Un sondage choc : 12% des femmes disent avoir été victimes de viol au cours de leur vie. Dans une précédente enquête, elles étaient 3,26%. Un phénomène massif, quoi qu’il en soit. Et dans les deux cas l’écrasante majorité des violeurs sont des proches.
Des chiffres « massifs ». Dans un sondage dévoilé vendredi 23 février par la Fondation Jean-Jaurès1, 12% des femmes interrogées en France disent avoir été victimes de viol au cours de leur vie. « Ce chiffre de plus d’une femme sur dix est tout à fait interpellant et se situe au-dessus de ce que d’autres enquêtes ont mesuré par le passé », commente le think tank.
De fait, dans la dernière enquête d’ampleur sur le sujet – l’enquête Virage dévoilée fin 2016 par l’Ined, Institut national d’études démographiques – ce sont 3,26% des femmes qui déclaraient avoir subi un viol au cours de leur vie. Un chiffre plus de trois fois moindre, même si en soi il est déjà « interpellant » et témoigne du caractère massif du viol : 3,26%, cela représente une femme sur trente. S’ajoutent, dans cette enquête, 2,5% des femmes déclarant avoir été victimes d’une tentative de viol.
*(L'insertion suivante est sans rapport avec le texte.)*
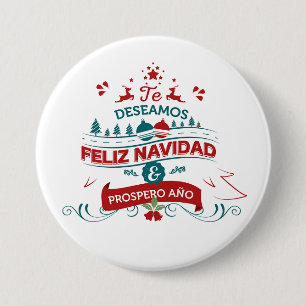 Badge Rond 7,6 Cm Feliz Navidad Round Button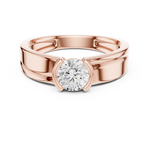 Gold Solitaire Setting Round Lab Grown Diamond Axion Ring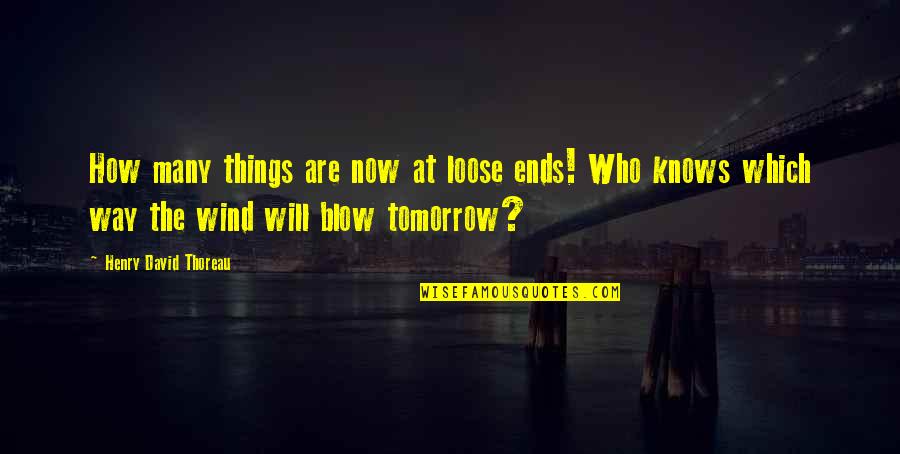 Knows Tomorrow Quotes By Henry David Thoreau: How many things are now at loose ends!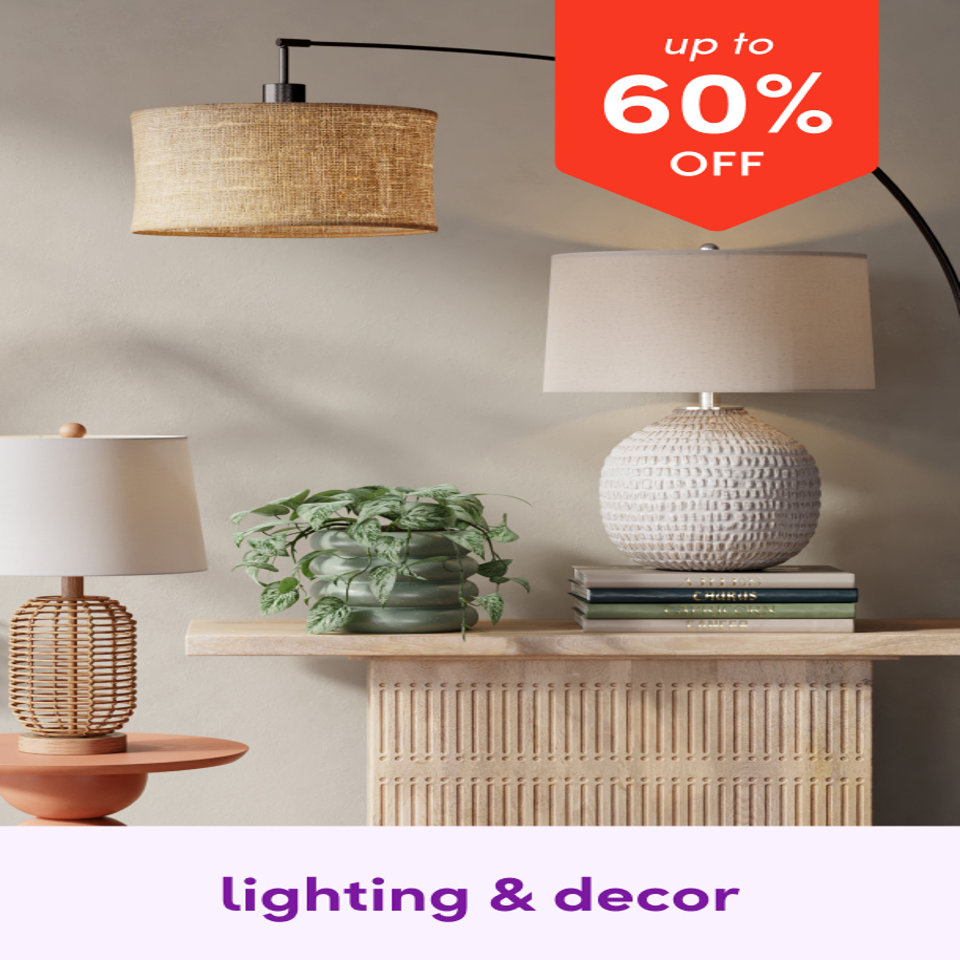 Up to 60% off lighting & decor
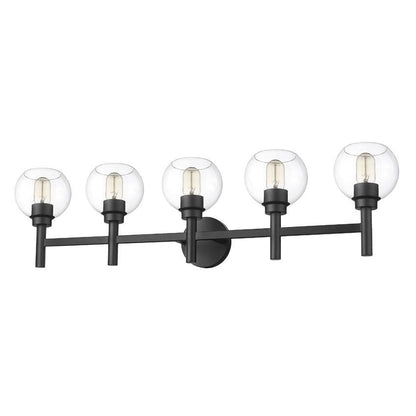 Z-Lite Sutton 5-Light Matte Black Steel Frame Clear Glass Shade Vanity Light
La différence d’ampleur est sensiblement la même pour ce qui concerne les agressions sexuelles : dans l’enquête Virage, 14,5% des femmes déclaraient avoir subi au moins une forme d’agression sexuelle au cours de leur vie. Dans le sondage de la Fondation Jean-Jaurès, elles sont 43% à déclarer avoir été victimes de caresses ou d’attouchements sans leur consentement.
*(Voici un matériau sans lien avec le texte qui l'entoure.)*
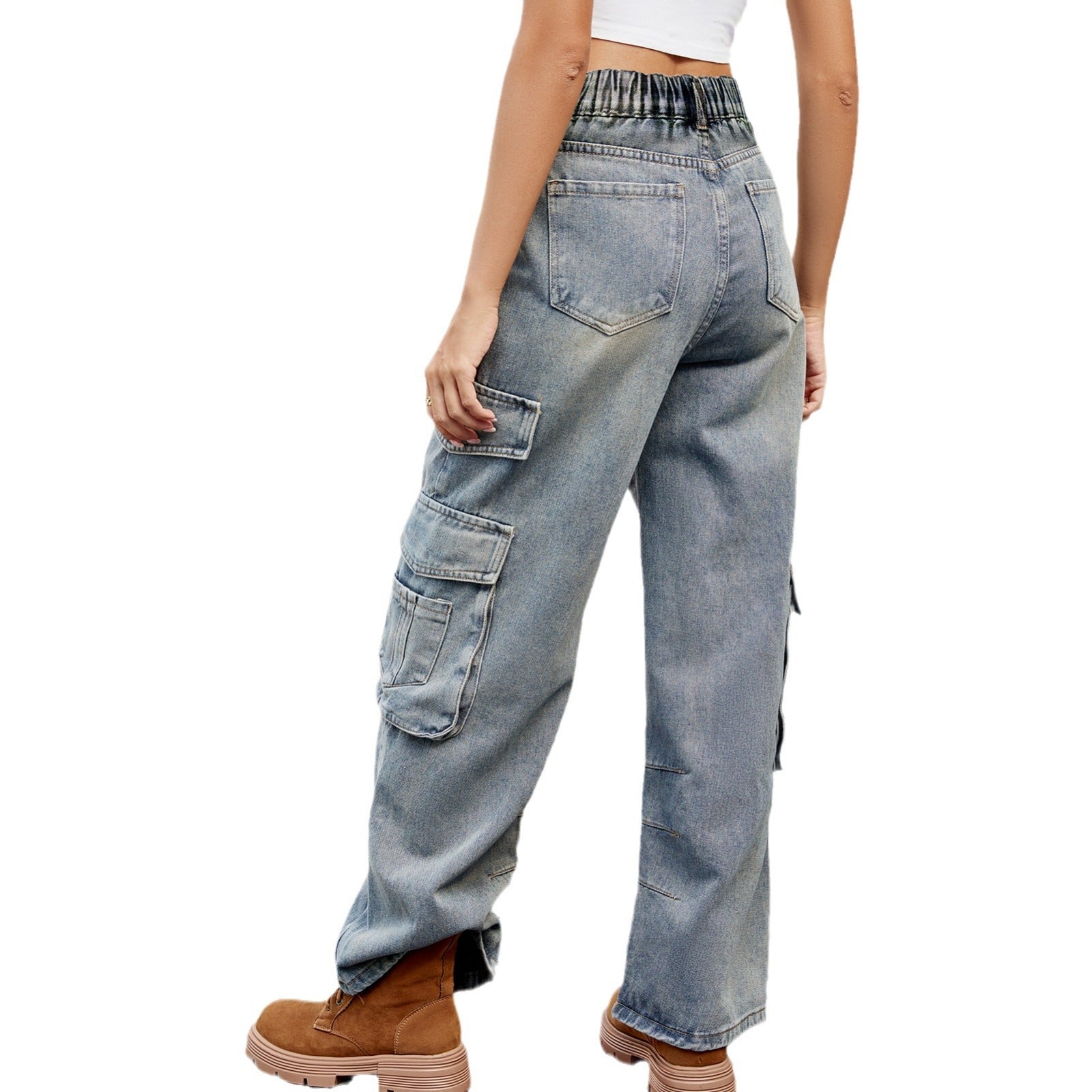 Women's Summer Loose Denim Cargo Pants 5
Peut-on expliquer une telle différence ? Chaque étude comporte « sa part de biais », relève Chloé Morin, directrice de l’Observatoire de l’Opinion de la Fondation Jean-Jaurès. L’enquête Virage a été réalisée auprès d’un échantillon de plus de 15 000 femmes, âgées de 20 à 69 ans, interrogées par téléphone sur une période de 9 mois, en 2015 ; la Fondation Jean-Jaurès a interrogé pour sa part 2 167 femmes âgées de 18 ans et plus, via un questionnaire auto-administré en ligne, entre le 6 et le 16 février 2018.
Pour le think tank, le taux bien plus élevé de victimes déclarées dans son sondage a pu « être favorisé par le mode d’interrogation » : en ligne, les femmes peuvent plus facilement se confier que lors d’un entretien téléphonique. La Fondation évoque aussi « le contexte dans lequel cette enquête a été réalisée, marqué par de très nombreuses révélations de cas de violences sexuelles touchant tous les milieux et largement relayées par les médias », ce qui « a généré un phénomène de prise de conscience ou permis la levée d’un tabou chez une partie des victimes ».
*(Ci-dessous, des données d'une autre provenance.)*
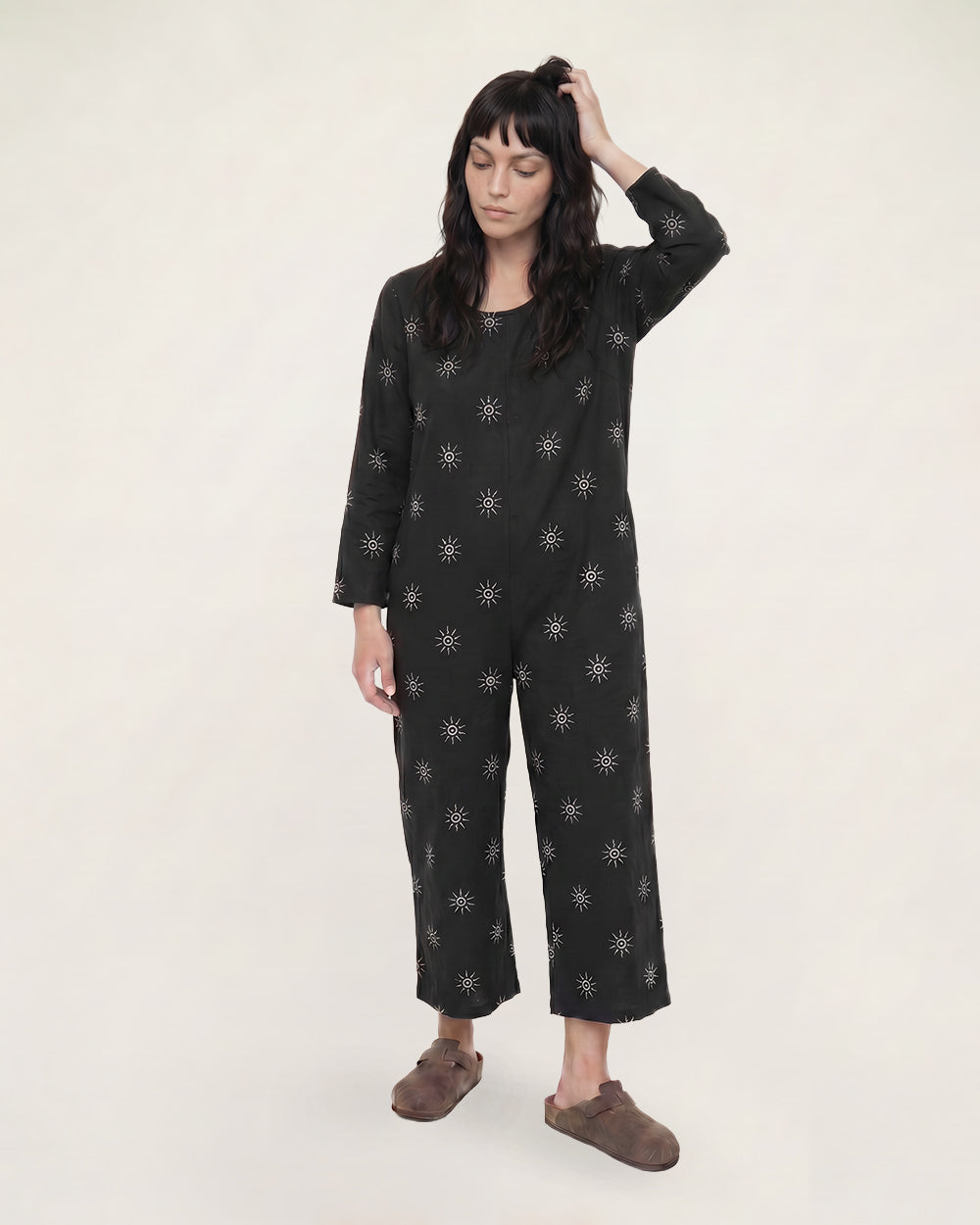 PREORDER - Mai Black Starburst Print V-Neck Jumpsuit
Les deux enquêtes, en tous les cas, convergent sur un point : les membres de l’entourage (familial ou amical) ou les conjoints constituent « l’écrasante majorité » des violeurs et des agresseurs sexuels. Une réalité encore « en décalage avec les représentations collectives sur le sujet », fait remarquer la Fondation Jean-Jaurès.
Voir aussi : Dénoncer un viol quand l’auteur est un proche
Dans l’enquête Virage, 48% des femmes violées disaient l’avoir été dans leur couple actuel ou par un ex-conjoint. Et 24% dans un espace public, mais pas forcément par un inconnu. Dans le sondage de la Fondation Jean-Jaurès, 49 % des femmes ayant subi un viol à l’âge adulte incriminent leur conjoint, 17 % un membre de l’entourage, 6 % un membre de la famille contre 17 % qui mentionnent un inconnu.
Autre constat : la difficulté à porter plainte. Selon ce dernier sondage, seules 15% des femmes victimes de viol ont déposé plainte. L’Observatoire de la délinquance et de la réponse pénale (ONDRP), qui compte les faits commis au cours des deux dernières années, évalue pour sa part à 8% seulement le nombre de personnes ayant porté plainte pour des faits de violences sexuelles.
La Fondation Jean-Jaurès met également en lumière le fait que ces violences sexuelles sont « un problème majeur de santé publique ». Selon le sondage, alors que 81 % de l’ensemble des femmes se disent satisfaites de leur vie en général, ce n’est le cas que de 69 % de celles ayant été victimes d’un viol (soit un écart de 12 points). Et le viol multiplie par 4 le risque suicidaire : 21% des femmes victimes de viol (contre 5% des femmes en moyenne) ont déjà fait une ou plusieurs tentatives de suicide.
1/ Enquête de la Fondation Jean-Jaurès réalisée avec l’institut de sondage Ifop auprès d’un échantillon de 2167 femmes âgées de 18 ans et plus, entre le 6 et le 16 février 2018.